THERE is a moment in the All Or Nothing documentary that goes inside the Manchester City dressing room title-winning season of 2017-18 when Pep Guardiola starts to contemplate his side’s forthcoming Champions League match against Liverpool.

City have lost just four matches in 48 games but Guardiola is mindful that one of them has come against Jurgen Klopp’s side.

In the week before the game, the programme makers capture Guardiola in a quieter period of reflection, the camera closes in on the Catalan and you can almost hear the cogs turning in his head as he goes over the permutations for the tactical battle to come.

In the end he blinks, starting Ilkay Gundogan as his right-sided attacker in place of Raheem Sterling. In an instant his decision condemns City to their fate. The German is a negative selection by Guardiola, it changes his side’s natural shape and before they know it they are 3-0 down and never recover. That is what a game such as this can do to the most attuned of coaching minds, it can turn even the best football brains to spaghetti.

Klopp called it the toughest fixture in world football at Friday’s pre-match press conference. Guardiola reiterated the sentiment at his, claiming that the German’s Liverpool team were on a par with Luis Enrique’s Barcelona as one of the two best he has faced as a coach.

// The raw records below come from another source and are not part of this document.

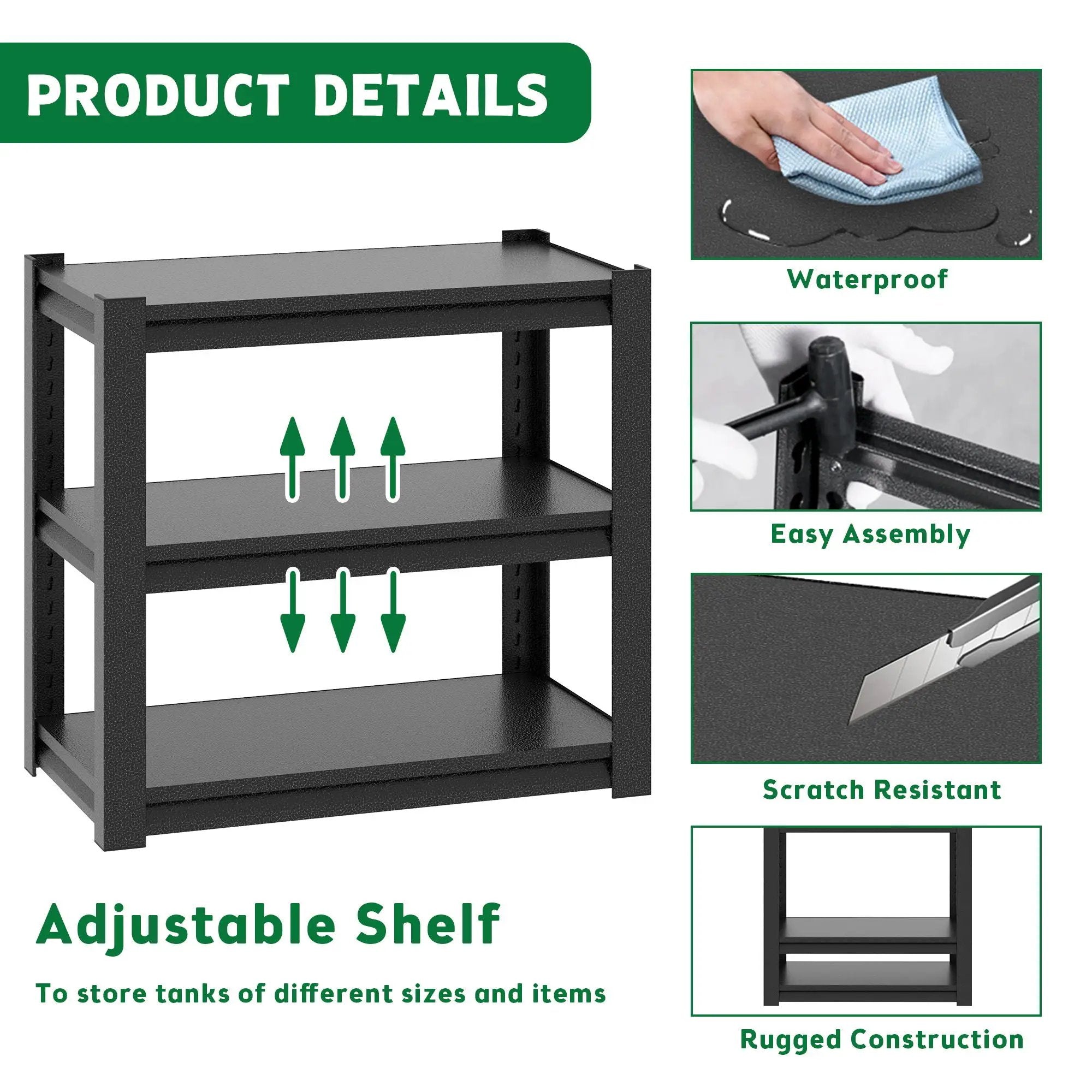 Fish Tank Stand by Unique Piece Furniture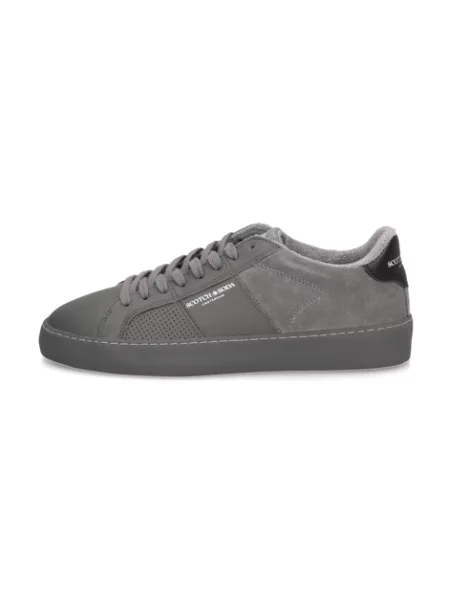 Tenisky Scotch & Soda šedé
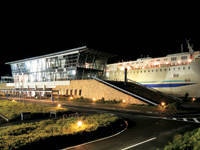 新日本海フェリー敦賀ターミナル・写真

But that was then and this is now, of course. The conclusion after their 90 minutes yesterday was that they remain formidable. But measuring who might contest the Premier League title race this season looks as if it might be more of a jigsaw puzzle than it has been for the previous two.

Five points separate the top eight teams in the division but City and Liverpool have yet to face the bulk of that group. That fact will change soon enough with Anfield set to host Leicester while City face a trip to London to play Tottenham immediately after the international break.

The corresponding fixtures last season ended in a narrow win for Liverpool, thanks to a controversial penalty five minutes into injury time, and a 2-0 defeat for City. Their opponents will be improved this time around so there is enough to suggest that – as good as England’s two best club sides are – they will not have disappeared from view by the time the calendar ticks over into the new year.

What the evidence yesterday indicated is that, defensively, City and Liverpool are now more closely matched.

Guardiola’s side’s soft underbelly was what cost City the title last season with just under a goal per game conceded. But prior to yesterday they had given up just 8.2 shots per game and let in only three goals from open play, good enough for second in the league in both categories.

While Liverpool were not exactly watertight last season, they weren’t conceding at more than two goals per game as they are now. That’s one more in total than bottom-placed Sheffield United have shipped in seven defeats and a draw.

The explanations for those negative stats are well-worn: a 7-2 thumping at Aston Villa and the absence of Virgil van Dijk have skewed the figures.

The improvement in City’s numbers are more of a bellwether for how they have tightened up. Ruben Dias has arrived from Benfica and appears to be a reliable No.5 who defends first and foremost. Alongside Aymeric Laporte he has stiffened City’s resolve in the defensive third and for a team more noted for its attacking options that is gravy.

Liverpool, of course, have multiple attacking threats themselves and yesterday they unleashed all of them at once in a 4-2-4 that threatened to overrun City in the opening stages. Instead, they had to settle for Mo Salah’s penalty after Kyle Walker had chopped down Sadio Mane, who had the England right-back on toast for the first 25 minutes. When he crossed for Roberto Firmino midway through the first half, though, it was Dias who got a block in.

Liverpool’s porous nature revealed itself soon after when Kevin de Bruyne exploited a hole in their defensive shape and fed Gabriel Jesus for the equaliser, then Joe Gomez was caught out by de Bruyne’s cross and City were awarded a penalty which the Belgian promptly missed.

It was literally a breathtaking opening with players on both sides taking huge gulps of air.

The gaps continued to open for both teams – Diogo Jota was wasteful when Ederson punched the ball straight to him while Jesus headed wide when he found himself all alone following a run from right to left. There were further near misses but nothing clear cut.

The chances were more sporadic thereafter, the effort expended in the first 60 minutes meant that energy levels were bound to dip and the closing stages were played out in a lower gear.

For the other aspirant title contenders looking for signs of weakness there would have been mixed feelings: a sense of foreboding that the attacking instincts of both remain undimmed but optimism, too, that the some of the defensive failings of old are still present.

However, measuring the latter against the former – especially when faced with two sets of outstanding front lines – remains an inexact science. The scoreline alone demonstrated that.